» **Assignment**
Here is a block of entries. Write out its lines exactly, from the first through the one containing "Used CHANGAN UNI-V".

» **The data**
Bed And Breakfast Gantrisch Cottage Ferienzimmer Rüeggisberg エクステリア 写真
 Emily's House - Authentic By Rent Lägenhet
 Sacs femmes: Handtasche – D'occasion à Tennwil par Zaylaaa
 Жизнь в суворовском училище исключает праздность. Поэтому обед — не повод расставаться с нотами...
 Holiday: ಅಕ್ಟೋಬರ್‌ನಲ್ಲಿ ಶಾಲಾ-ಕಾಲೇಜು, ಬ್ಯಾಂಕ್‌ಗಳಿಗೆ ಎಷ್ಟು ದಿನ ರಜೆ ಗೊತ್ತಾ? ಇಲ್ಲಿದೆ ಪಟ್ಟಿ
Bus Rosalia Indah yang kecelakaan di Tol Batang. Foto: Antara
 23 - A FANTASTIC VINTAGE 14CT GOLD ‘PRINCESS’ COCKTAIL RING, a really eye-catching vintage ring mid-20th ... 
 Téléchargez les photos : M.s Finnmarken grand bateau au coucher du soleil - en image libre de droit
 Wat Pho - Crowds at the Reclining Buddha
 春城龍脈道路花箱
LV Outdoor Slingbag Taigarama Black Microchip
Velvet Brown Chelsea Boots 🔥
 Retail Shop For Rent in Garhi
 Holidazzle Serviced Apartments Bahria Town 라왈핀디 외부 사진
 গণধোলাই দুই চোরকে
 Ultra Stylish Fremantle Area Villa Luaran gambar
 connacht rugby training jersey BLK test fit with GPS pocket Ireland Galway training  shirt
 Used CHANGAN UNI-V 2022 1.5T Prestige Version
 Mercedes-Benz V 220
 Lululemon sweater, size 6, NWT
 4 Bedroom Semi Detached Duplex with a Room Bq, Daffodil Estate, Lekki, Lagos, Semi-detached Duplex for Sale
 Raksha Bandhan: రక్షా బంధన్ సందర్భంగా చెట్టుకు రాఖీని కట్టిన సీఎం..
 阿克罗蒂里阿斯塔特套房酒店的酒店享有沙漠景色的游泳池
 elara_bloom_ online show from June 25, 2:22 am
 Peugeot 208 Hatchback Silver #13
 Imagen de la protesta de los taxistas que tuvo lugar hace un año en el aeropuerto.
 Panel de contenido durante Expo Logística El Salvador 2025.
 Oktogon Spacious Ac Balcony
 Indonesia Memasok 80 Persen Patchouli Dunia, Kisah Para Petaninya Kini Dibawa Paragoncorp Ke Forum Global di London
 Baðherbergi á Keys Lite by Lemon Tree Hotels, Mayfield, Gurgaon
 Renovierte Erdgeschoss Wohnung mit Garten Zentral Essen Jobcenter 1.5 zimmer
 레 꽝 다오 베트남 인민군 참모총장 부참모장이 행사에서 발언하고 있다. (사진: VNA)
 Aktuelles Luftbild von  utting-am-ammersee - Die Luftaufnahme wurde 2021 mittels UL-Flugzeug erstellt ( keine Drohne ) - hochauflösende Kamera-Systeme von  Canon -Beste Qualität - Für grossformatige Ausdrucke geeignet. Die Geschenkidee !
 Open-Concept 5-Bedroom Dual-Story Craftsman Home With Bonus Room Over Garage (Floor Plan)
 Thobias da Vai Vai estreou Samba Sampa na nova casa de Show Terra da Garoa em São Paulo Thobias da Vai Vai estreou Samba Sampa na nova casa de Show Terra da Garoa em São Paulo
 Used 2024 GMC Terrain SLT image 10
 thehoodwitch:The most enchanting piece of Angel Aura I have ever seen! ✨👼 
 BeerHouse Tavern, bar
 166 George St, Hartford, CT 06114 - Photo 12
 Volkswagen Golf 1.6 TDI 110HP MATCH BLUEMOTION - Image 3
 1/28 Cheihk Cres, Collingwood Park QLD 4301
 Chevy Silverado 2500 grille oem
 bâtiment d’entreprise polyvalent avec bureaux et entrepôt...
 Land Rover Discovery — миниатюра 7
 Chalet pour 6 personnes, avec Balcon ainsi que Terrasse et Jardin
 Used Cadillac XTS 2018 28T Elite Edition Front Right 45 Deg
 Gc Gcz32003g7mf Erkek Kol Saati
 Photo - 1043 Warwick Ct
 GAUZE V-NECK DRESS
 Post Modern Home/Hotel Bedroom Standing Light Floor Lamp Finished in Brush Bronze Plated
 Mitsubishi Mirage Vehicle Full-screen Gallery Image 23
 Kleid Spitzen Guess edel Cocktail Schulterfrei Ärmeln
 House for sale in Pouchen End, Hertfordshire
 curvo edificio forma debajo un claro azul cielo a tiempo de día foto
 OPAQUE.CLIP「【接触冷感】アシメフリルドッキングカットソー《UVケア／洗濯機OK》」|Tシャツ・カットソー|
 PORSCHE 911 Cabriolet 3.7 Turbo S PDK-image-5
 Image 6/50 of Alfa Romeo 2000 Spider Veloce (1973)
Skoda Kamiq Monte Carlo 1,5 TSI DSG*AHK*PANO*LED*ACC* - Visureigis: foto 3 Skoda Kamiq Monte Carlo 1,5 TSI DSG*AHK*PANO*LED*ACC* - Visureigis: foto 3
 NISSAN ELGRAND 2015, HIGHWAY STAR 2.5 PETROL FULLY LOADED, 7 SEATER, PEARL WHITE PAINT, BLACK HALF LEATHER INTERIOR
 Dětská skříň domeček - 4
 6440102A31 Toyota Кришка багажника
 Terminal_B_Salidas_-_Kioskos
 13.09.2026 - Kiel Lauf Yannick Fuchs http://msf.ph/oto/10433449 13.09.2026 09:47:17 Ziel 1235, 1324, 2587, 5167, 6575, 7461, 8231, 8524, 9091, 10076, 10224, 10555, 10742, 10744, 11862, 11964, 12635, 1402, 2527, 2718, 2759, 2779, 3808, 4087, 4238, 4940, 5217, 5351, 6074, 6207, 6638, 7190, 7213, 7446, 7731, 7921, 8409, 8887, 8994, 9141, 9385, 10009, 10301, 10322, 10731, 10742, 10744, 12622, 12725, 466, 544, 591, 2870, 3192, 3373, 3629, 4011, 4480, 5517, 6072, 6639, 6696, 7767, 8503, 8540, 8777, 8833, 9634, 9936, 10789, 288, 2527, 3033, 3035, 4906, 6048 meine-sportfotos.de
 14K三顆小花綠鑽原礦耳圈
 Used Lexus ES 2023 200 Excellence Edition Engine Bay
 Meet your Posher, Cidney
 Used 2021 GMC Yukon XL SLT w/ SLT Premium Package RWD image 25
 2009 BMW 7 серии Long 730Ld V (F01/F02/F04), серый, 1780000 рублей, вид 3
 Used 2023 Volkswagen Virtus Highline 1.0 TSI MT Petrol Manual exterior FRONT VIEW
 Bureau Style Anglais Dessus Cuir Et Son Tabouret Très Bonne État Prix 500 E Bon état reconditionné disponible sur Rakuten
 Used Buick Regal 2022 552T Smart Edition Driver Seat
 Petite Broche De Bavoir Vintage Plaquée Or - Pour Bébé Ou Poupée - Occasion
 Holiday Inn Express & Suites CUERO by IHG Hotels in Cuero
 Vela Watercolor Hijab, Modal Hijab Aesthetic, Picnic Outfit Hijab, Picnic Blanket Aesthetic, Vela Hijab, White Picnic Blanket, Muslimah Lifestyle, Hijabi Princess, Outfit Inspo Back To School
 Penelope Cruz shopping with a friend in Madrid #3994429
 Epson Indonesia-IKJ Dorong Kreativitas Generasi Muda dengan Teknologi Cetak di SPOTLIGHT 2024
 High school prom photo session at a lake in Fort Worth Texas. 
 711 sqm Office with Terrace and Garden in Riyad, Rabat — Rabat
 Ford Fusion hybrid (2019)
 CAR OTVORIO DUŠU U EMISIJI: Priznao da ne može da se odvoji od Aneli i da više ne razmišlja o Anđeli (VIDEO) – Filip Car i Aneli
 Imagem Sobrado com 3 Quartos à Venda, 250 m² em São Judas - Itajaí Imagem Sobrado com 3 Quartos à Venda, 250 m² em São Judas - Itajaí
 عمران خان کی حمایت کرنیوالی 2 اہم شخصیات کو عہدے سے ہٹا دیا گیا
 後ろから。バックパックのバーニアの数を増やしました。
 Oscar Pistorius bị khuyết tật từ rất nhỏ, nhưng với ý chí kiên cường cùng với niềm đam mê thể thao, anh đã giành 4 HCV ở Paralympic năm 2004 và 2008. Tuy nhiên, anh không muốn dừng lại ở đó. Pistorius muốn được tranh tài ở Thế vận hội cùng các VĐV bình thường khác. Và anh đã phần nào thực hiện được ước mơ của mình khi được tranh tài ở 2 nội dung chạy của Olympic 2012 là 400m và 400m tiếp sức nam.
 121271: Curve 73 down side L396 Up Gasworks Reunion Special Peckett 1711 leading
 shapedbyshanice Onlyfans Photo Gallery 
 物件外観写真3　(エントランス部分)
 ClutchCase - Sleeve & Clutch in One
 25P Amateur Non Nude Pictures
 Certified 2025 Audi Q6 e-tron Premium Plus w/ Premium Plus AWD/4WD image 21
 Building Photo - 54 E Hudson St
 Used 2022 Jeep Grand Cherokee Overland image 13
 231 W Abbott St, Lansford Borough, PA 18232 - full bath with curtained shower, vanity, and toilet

» **Output**
Bed And Breakfast Gantrisch Cottage Ferienzimmer Rüeggisberg エクステリア 写真
 Emily's House - Authentic By Rent Lägenhet
 Sacs femmes: Handtasche – D'occasion à Tennwil par Zaylaaa
 Жизнь в суворовском училище исключает праздность. Поэтому обед — не повод расставаться с нотами...
 Holiday: ಅಕ್ಟೋಬರ್‌ನಲ್ಲಿ ಶಾಲಾ-ಕಾಲೇಜು, ಬ್ಯಾಂಕ್‌ಗಳಿಗೆ ಎಷ್ಟು ದಿನ ರಜೆ ಗೊತ್ತಾ? ಇಲ್ಲಿದೆ ಪಟ್ಟಿ
Bus Rosalia Indah yang kecelakaan di Tol Batang. Foto: Antara
 23 - A FANTASTIC VINTAGE 14CT GOLD ‘PRINCESS’ COCKTAIL RING, a really eye-catching vintage ring mid-20th ... 
 Téléchargez les photos : M.s Finnmarken grand bateau au coucher du soleil - en image libre de droit
 Wat Pho - Crowds at the Reclining Buddha
 春城龍脈道路花箱
LV Outdoor Slingbag Taigarama Black Microchip
Velvet Brown Chelsea Boots 🔥
 Retail Shop For Rent in Garhi
 Holidazzle Serviced Apartments Bahria Town 라왈핀디 외부 사진
 গণধোলাই দুই চোরকে
 Ultra Stylish Fremantle Area Villa Luaran gambar
 connacht rugby training jersey BLK test fit with GPS pocket Ireland Galway training  shirt
 Used CHANGAN UNI-V 2022 1.5T Prestige Version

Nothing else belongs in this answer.